Hanah Maskell, daughter of the prominent Thomas and Esther Maskell, owned the property located at 318 Cooper Street from 1811 until 1836, when she sold it to her brother-in-law Edward Smith for $2,000. The deed suggested that on the property there existed a brick house. Smith rented the house out to the family of George W. Helimbold, a 42 year old merchant. According to the Archaeological report, the house was rented out until Edward died in 1857 at which time it was inherrited by Smith’s daughter, Esther.

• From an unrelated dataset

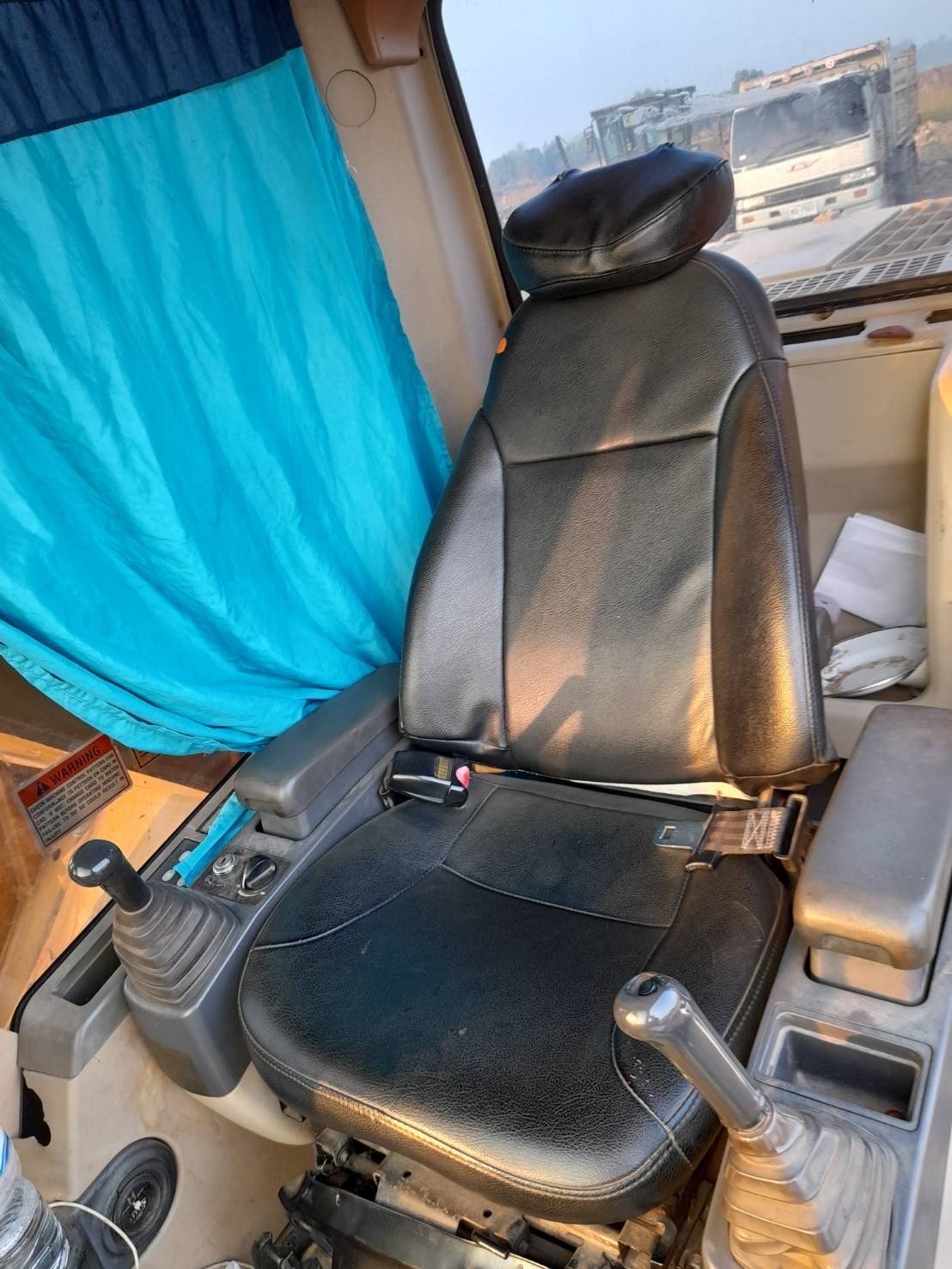 CAT320C พร้อมใช้งาน CAT320C พร้อมใช้งาน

By paging through the city directories of Camden County, four names were listed at 312 Cooper Street in 1863. These names were Josiah Throne, Abel Reed, Watson Weetsall and Charles Bouge. Since Esther still owned the property at 312 Cooper Street, it can be assumed that these people were likely renters of the house located on the property.

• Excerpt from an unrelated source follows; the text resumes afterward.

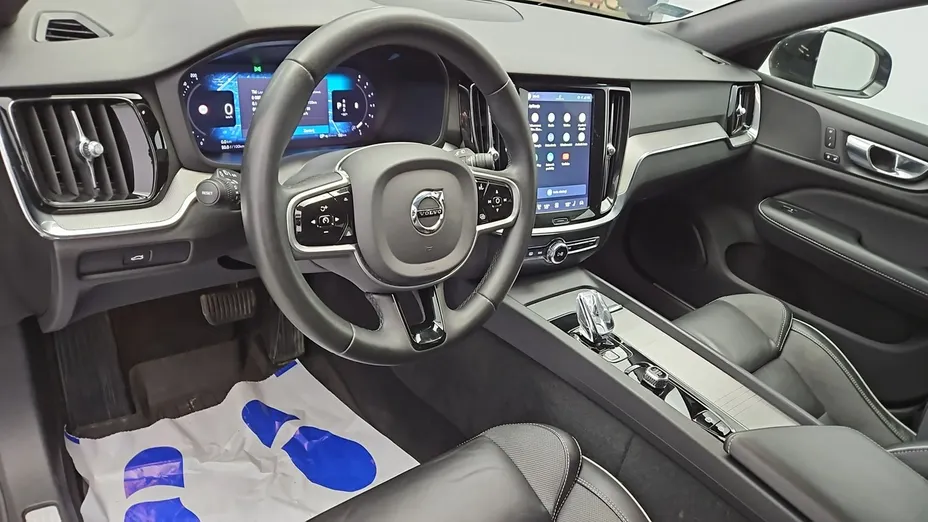 VOLVO V60 -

In  1867 the property was sold to Thorwald Damborg. Damborg was an engineer and mechanical draughtsman who lived in Camden. He bought the property for $3,750 and the deed suggests that a two-story brick building was located on the property. I was able to trace Damborg at 312 Cooper Street until 1869 when the property was transferred to Margaret and James Snethen, Philadelphia residents who purchased the property for $6,250. Margaret Snethen owned the property until her death in 1876. The house was then sold to William Cady for $4,137 in 1877.

William Waters, a broom salesmen and grandson of William Cady, along with his wife Eunice Waters, and their children (presumably) Edgar, Lucy, and Thomas Waters would live at 318 Cooper Street until 1906.

According to the Camden City Directories, a man by the name of John Bonner lived at the property of 312 Cooper Street between 1906 and 1910, however, the USR Corp. Archaeological Report suggests that a man by the name of Joseph S. Jenkins rented the property during that same time period. I was unable to confirm Joseph Jenkins at this location in the Camden City Directories.

In 1911, Edwin Bleakly, a partner in a Camden based law firm, Bleakly & Stockwell (which would later gain new partner names), purchased the property located at 318 Cooper Street. Bleakly had the original structure removed and replaced with a house that cost $20,000 to build. In 1920, Bleakly moved into the new house with his wife, Ida, and his two daughters Edith and Helen. This family would continue to live at the 318 Cooper Street property until 1947.

Unfortunately, the city directories end and information on who lived at the property after 1947 is hard to obtain. Today, the property is occupied partly by a Rutgers University Dormitory.